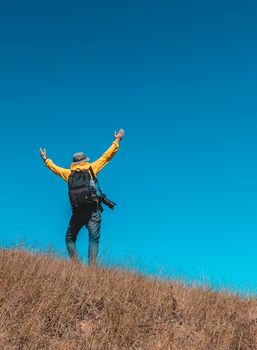 Silhouette of man hold up hands on the peak of mountain
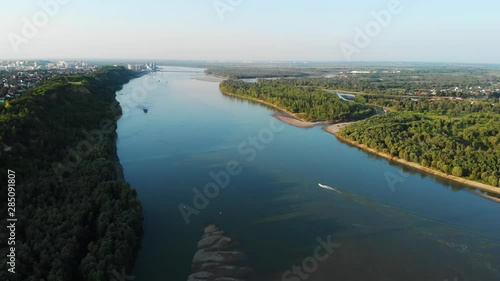 Aerial view of big siberian Ob river and boats in beauty summer day, View to Barnaul city. 4K drone footage.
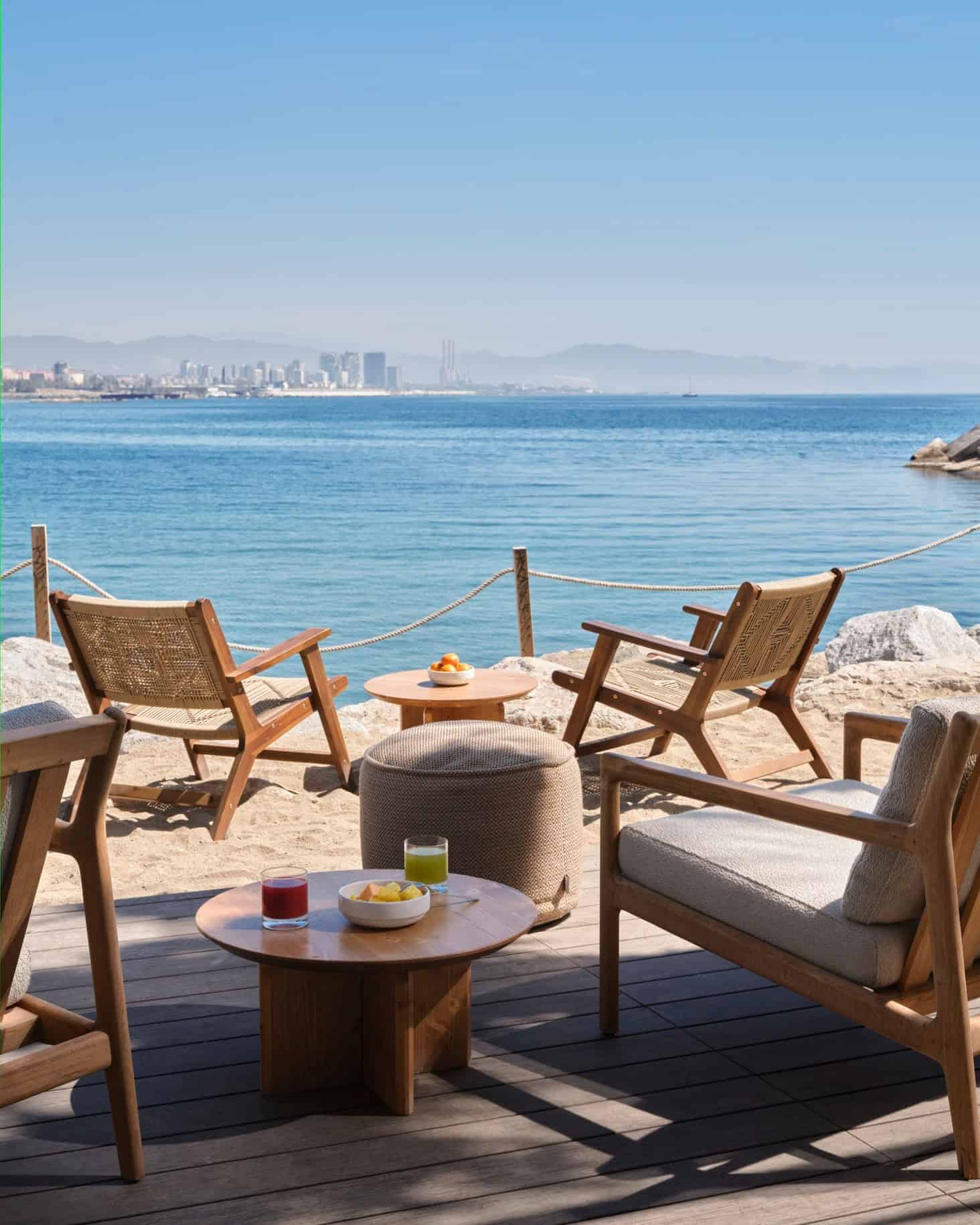 Wooden chairs and tables on a deck overlook a calm blue sea with a city skyline in the distance, capturing the relaxing ambiance of the best beachfront restaurants Barcelona has to offer.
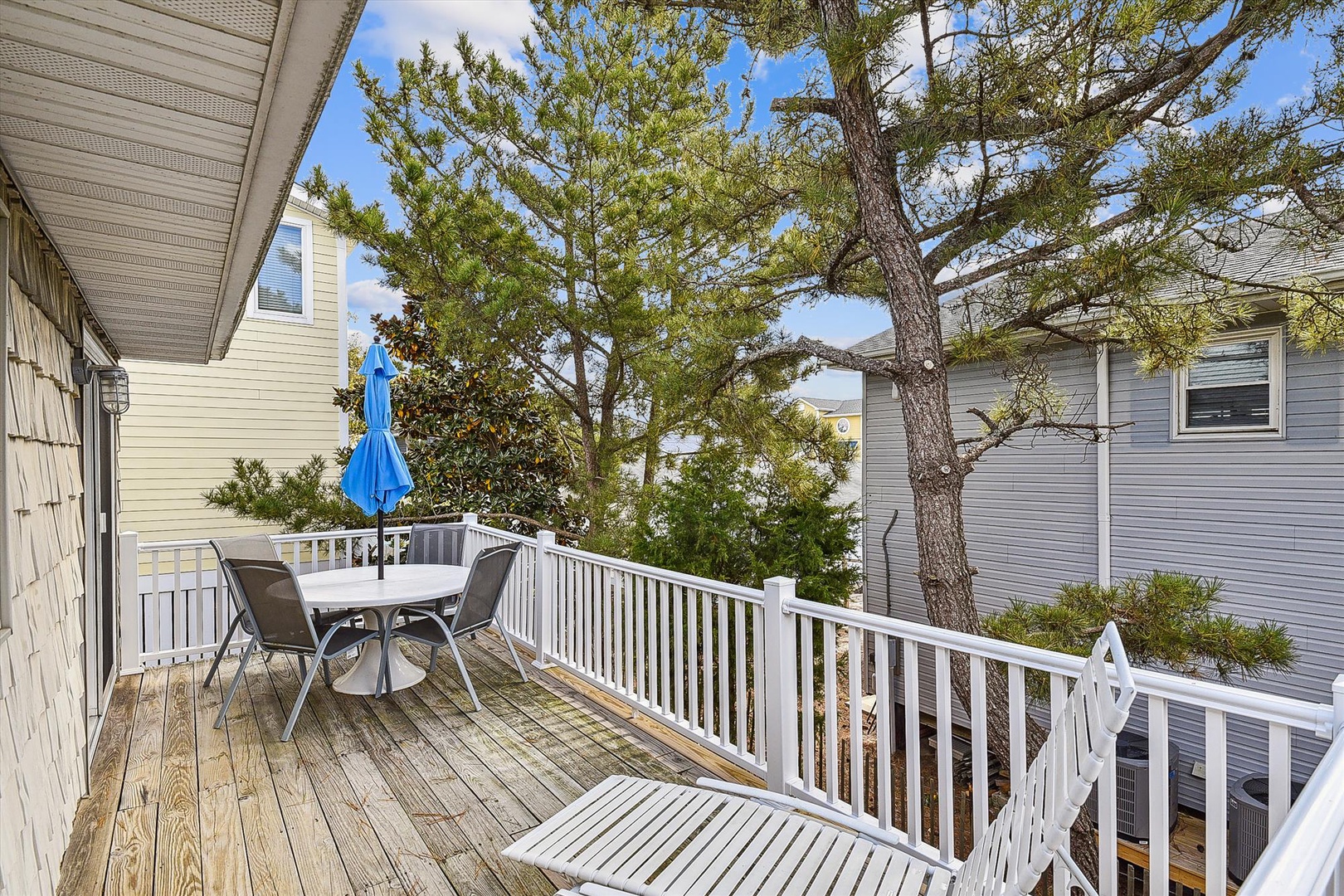 Step onto your private deck with outdoor dining, shaded by mature pines. Perfect for morning coffee or alfresco meals in peaceful surroundings.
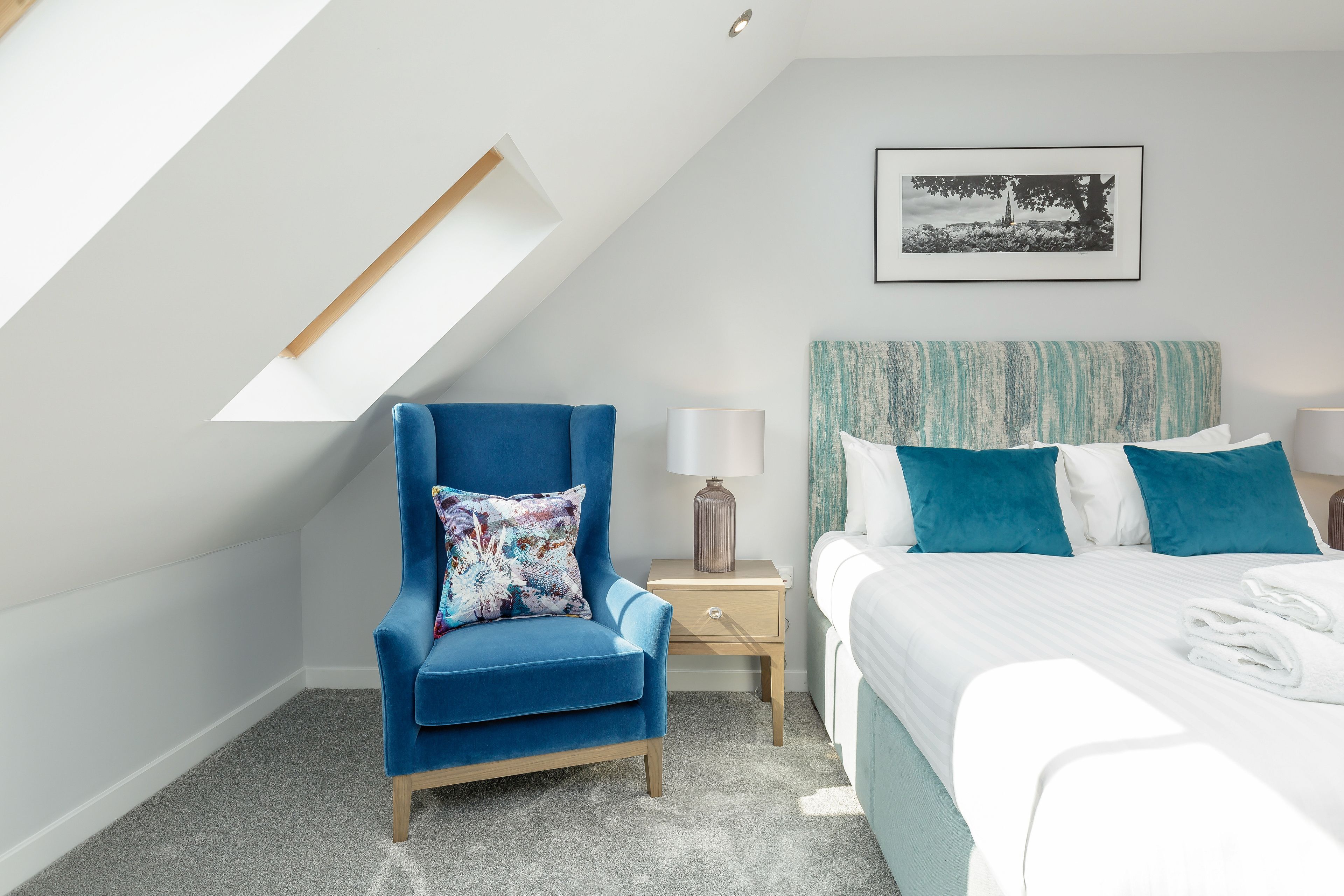 A bedroom with a sloped ceiling, a blue armchair, a bed with blue and white bedding, a nightstand with a lamp, and a framed picture on the wall.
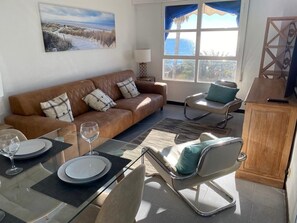 A living room with a brown leather sofa, a glass dining table set with plates and wine glasses, a blue chair, and a view of the ocean through a large window.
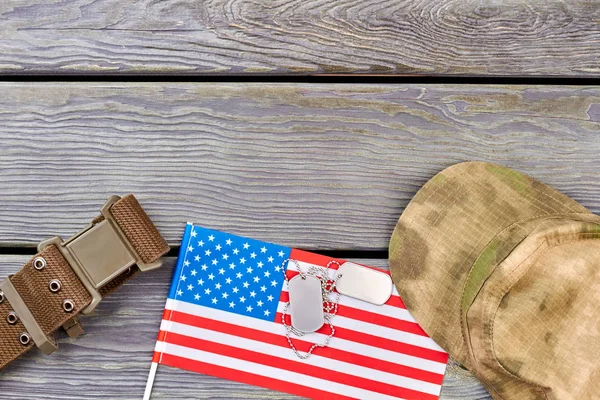 American flag, nylon strap, dog tags and military cap.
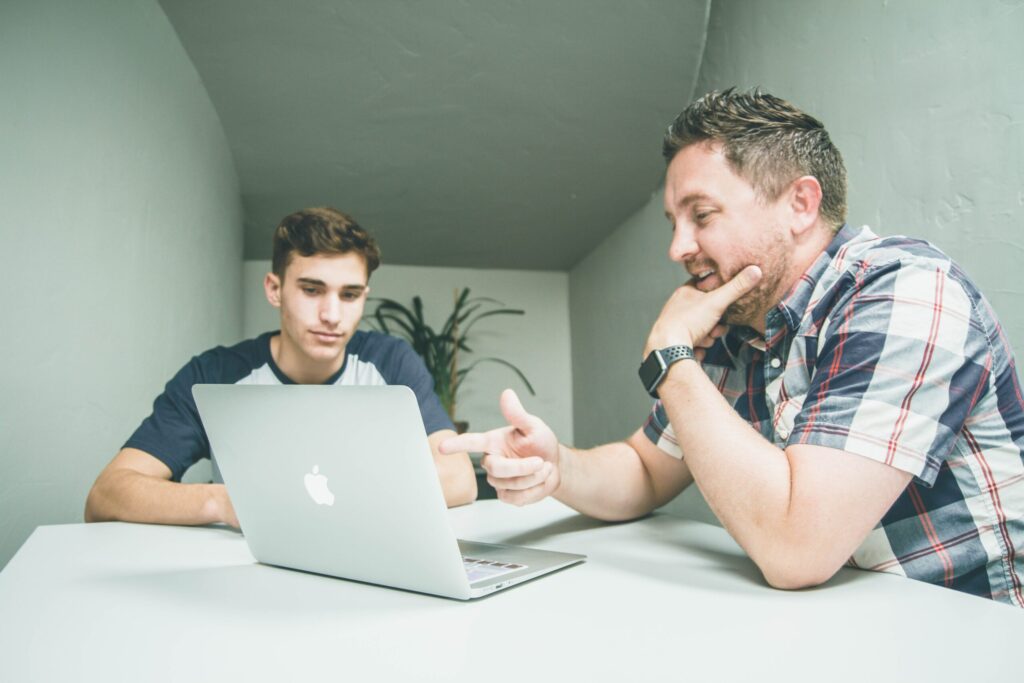 Lehrer und Schüler bei Laptop-Training, Lehrer zeigt auf den Bildschirm.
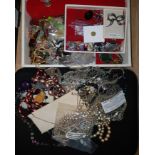 A cream leather effect jewellery box and costume jewellery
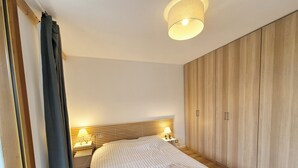 A bedroom with a bed, bedside lamps, a wooden wardrobe, and a ceiling light.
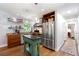 Bright kitchen featuring stainless steel appliances, hardwood floors, and a custom island at 3176 Gablewood Ct, Decatur, GA 30033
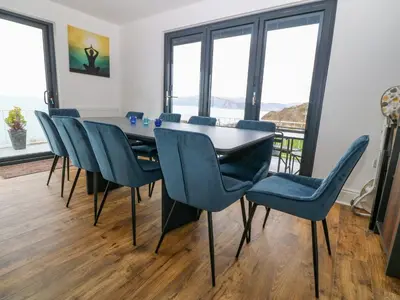 a dining room with a table and blue chairs at Machlud Haul in Llwyngwril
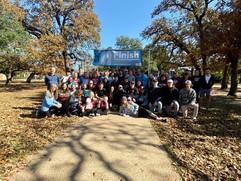 Large group photo of all participants gathered under the finish line/banner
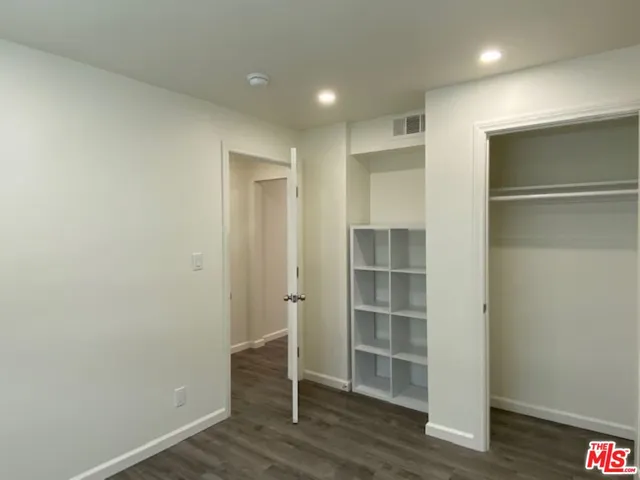 a view of empty room with wooden floor and closet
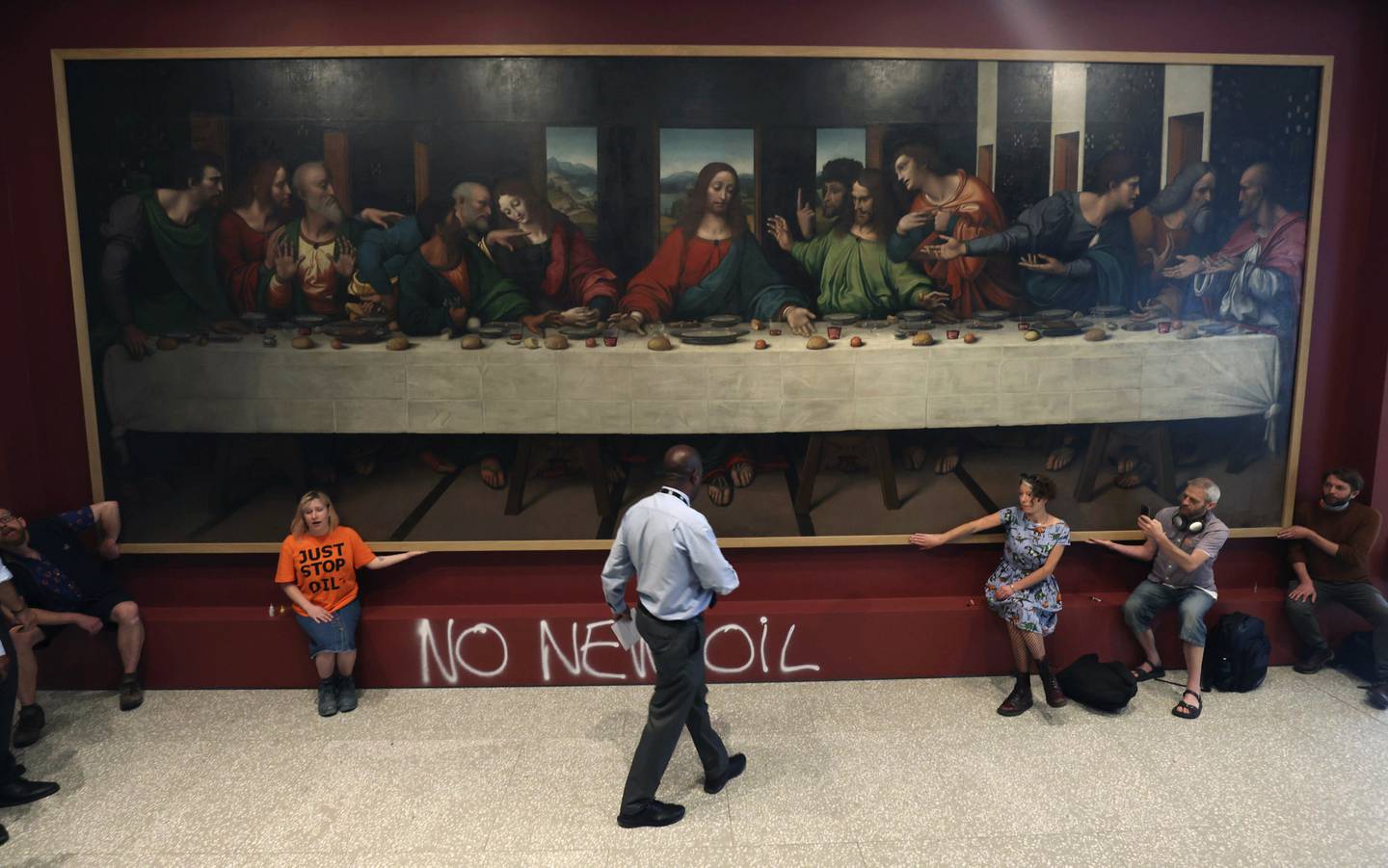 Just Stop Oil members glue their hands to the frame of a copy of Leonardo da Vinci's, 'The Last Supper', inside the Royal Academy, London. Photo: PA via AP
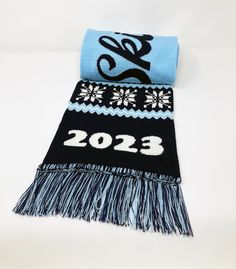 "After making your purchase on Etsy, simply go to https://www.pixelknit.com/etsyscarf to customize your design.  If you choose \"Design it for me\" you do not need to follow the link.  Just make sure to include the text and colors you would like us to use.  We will send you a mockup to approve. Your scarf is knit and finished in our studio. Designs are not printed or embroidered; we knit your design into the scarf.  We have chosen yarn that is soft & very comfortable, yet durable & machine washa Soccer Scarf, Football Scarf, Logo Football, Wedding Scarf, Combination Fashion, Great Anniversary Gifts, Logo Scarves, Acrylic Fiber, Text Logo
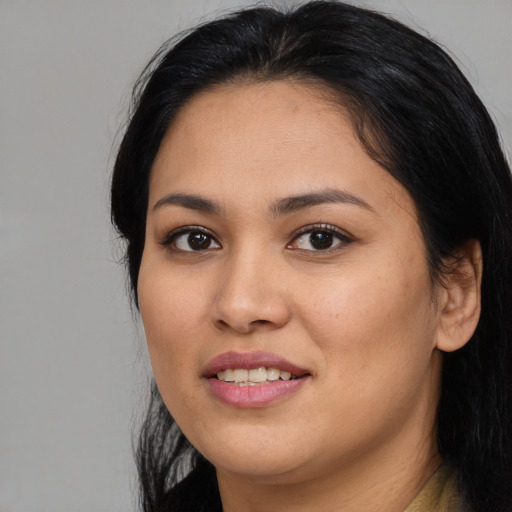 Joyful asian young-adult female with long  black hair and brown eyes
- - - - -
YOUR INSTRUCTIONS:
For this task, return exactly the stretch of the listing above from the line with "a view of empty" through the line with "Just Stop Oil", inclusive and without pictures.

RESPONSE TO THE EXERCISE:
 a view of empty room with wooden floor and closet
 Just Stop Oil members glue their hands to the frame of a copy of Leonardo da Vinci's, 'The Last Supper', inside the Royal Academy, London. Photo: PA via AP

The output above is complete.